Digital marketplace strategies and mantras to live by
Encourage healthy debate to really gauge the work, cost, benefits, customer expectations, and competition to narrow your marketplace strategy. Go all in, test the waters with organic participation, or participate only in distress marketplaces for unused inventory.
At the same time, pay heed to an increasingly popular strategy among premium businesses that don’t sell on marketplaces. Nike, for example, stopped selling on Amazon in November of 2019 to protect the integrity of its brand. Today, the company sells only on its own Nike-direct channels, which has enhanced the consumer experience.
Or perhaps take the old adage and flip it – if you can’t join them, beat them! That is, start your own marketplace.
As Jay-Z once wrote, “I’m not a businessman/I’m a business, man.” Today, this mantra applies equally to marketplace operators. Marketplaces don’t just operate a business; the marketplaces are the business. This needs to be a conscious and tacit underlying thought for any business considering becoming marketplace operators.
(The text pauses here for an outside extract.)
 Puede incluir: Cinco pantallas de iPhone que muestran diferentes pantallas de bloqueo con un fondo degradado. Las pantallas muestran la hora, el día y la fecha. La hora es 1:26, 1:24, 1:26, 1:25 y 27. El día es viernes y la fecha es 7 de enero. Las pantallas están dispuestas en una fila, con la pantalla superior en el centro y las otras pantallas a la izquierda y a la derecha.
Here are some reasons you may want to build your own marketplace:
- As a retailer, you already have a brick-and-mortar presence that sells third-party products, and now you want to expand to a digital platform.
- As a commerce operator, you’d like to grow your customer base by expanding the assortment with products from third parties and in turn push your own brand and product lines.
- As a B2B commerce operator with a wide first-party dealer distributor network, you want to build a marketplace to gain tighter control over the network, the products and services offered, and the overall customer experience.
- As a commerce operator, you have a big OEM supplier base that you need to manage to ensure quality.
Marketplaces will fight to acquire control and exclusivity of the top sellers. Winners get the prize, and that prize is more sellers. Marketplaces need this influx of businesses since their primary source of revenue is based on commissions. More sellers mean a better the assortment of products, better brands, and more consumers.
Digital marketplaces take years to build their reputation, but if a business has the strategy, vision, and talent to become a marketplace operator and sell third-party products, then the opportunities are endless.
All e-commerce SaaS cloud platform providers provide either built-in marketplace management capabilities or strong partnerships with SaaS marketplace platform providers to enable setup.
Gaze into the e-commerce crystal ball
Digital marketplaces will become more fragmented. Sellers will be more and more discriminating in which marketplaces they will compete. At the same time, watch out for consolidation, as smaller, local, niche, and disruptive marketplaces get acquired by larger players.
Commissions and value-added services will become the new battleground for attracting business to marketplaces. Delightful and new consumer experiences will play an even bigger role in attracting businesses and consumers.
In turn, brands will reserve their best assortments and experiences for their own direct e-commerce stores. They may even use marketplaces as affiliate marketing networks.
And finally, social networking companies could become marketplace operators in their own right. Imagine LinkedIn as the top marketplace operator for B2Bs. (It totally could happen!)
If you want to be a contender in the marketplaces of the future, now is the time to start thinking. Take the time that you spend browsing your favorite B2C marketplace and apply it to your organization’s marketplace strategy. After all, the fact that you’re spending any time at all on Amazon or others like it speaks volumes about the enduring importance of marketplaces and their growing promise in the digital era.